Atomic clocks are the world’s most precise timekeeping devices, and they are essential to staples of modern life such as global positioning systems, telecommunications and data centres. The most common types of atomic clock used in these real-world applications were developed in the 1960s, and they work by measuring the frequency at which atoms oscillate between two energy states. They are often based on caesium atoms, which absorb and emit radiation at microwave frequencies as they oscillate, and the best of them are precise to within one second in six million years.

Clocks that absorb and emit at higher, visible, frequencies are even more precise, with timing errors of less than 1 second in 30 billion years. These optical atomic clocks are, however, much bulkier than their microwave counterparts, and their sensitivity to disturbances in their surroundings means they only work properly under well-controlled conditions.
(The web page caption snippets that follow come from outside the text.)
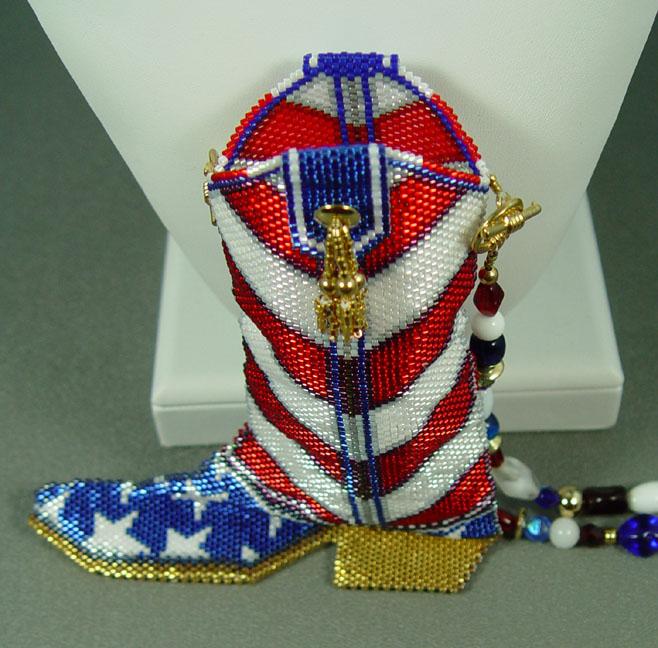 "USA Flag Boot" Hand-beaded Bag Pendant "USA Flag Boot" Hand-beaded Bag Pendant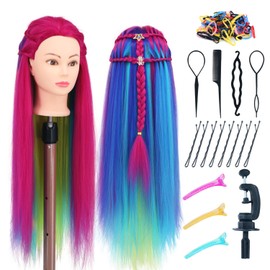 Mannequin Head with Hair, 29'' Training Head Braiding Doll Head for Hair Styling Manikin Cosmetology Mannequin Head Hair Practice Model Head with Clamp Holder (Rose Red Series)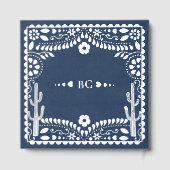 Papel Picado Boda Mexicaanse Rustieke Blauwe Huwel Gastenboek (Achterkant)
Prototypes based on iodine

The Vector Atomic work, which the team describe in Nature, represents a step towards overturning these limitations. Led by Vector Atomic co-founder and study co-author Jamil-Abo-Shaeer, the team developed three robust optical clock prototypes based on transitions in iodine molecules (I₂). These transitions occur at wavelengths conveniently near those of routinely-employed commercial frequency-doubled lasers, and the iodine itself is confined in a vapour cell, doing away with the need to cool atoms to extremely cold temperatures or keep them in an ultrahigh vacuum. With a volume of around 30 litres, the clocks are also compact enough to fit on a tabletop.

While the precision of these prototype optical clocks lags behind that of the best lab-based versions, it is still 1000 times better than clocks of a similar size that ships currently use, says Abo-Shaeer. The prototype clocks are also 100 times more precise than existing microwave clocks of the same size.

Sea trials

The researchers tested their clocks aboard a Royal New Zealand Navy ship, HMNZS Aotearoa, during a three-week voyage around Hawaii. They found that the clocks performed almost as well as in the laboratory, despite the completely different conditions. Indeed, two of the larger devices recorded errors of less than 400 picoseconds (10^-12 seconds) over 24 hours.

The team describe the prototypes as a “key building block” for upgrading the world’s timekeeping networks from the nanosecond to the picosecond regime. According to team member Jonathan Roslund, the goal is to build the world’s first fully integrated optical atomic clock with the same “form factor” as a microwave clock, and then demonstrate that it outperforms microwave clocks under real-world conditions.

“Iodine optical clocks are certainly not new,” he tells Physics World. “In fact, one of the very first optical clocks utilized iodine, but researchers moved onto more exotic atoms with better timekeeping properties. Iodine does have a number of attractive properties, however, for making a compact and simple portable optical clock.”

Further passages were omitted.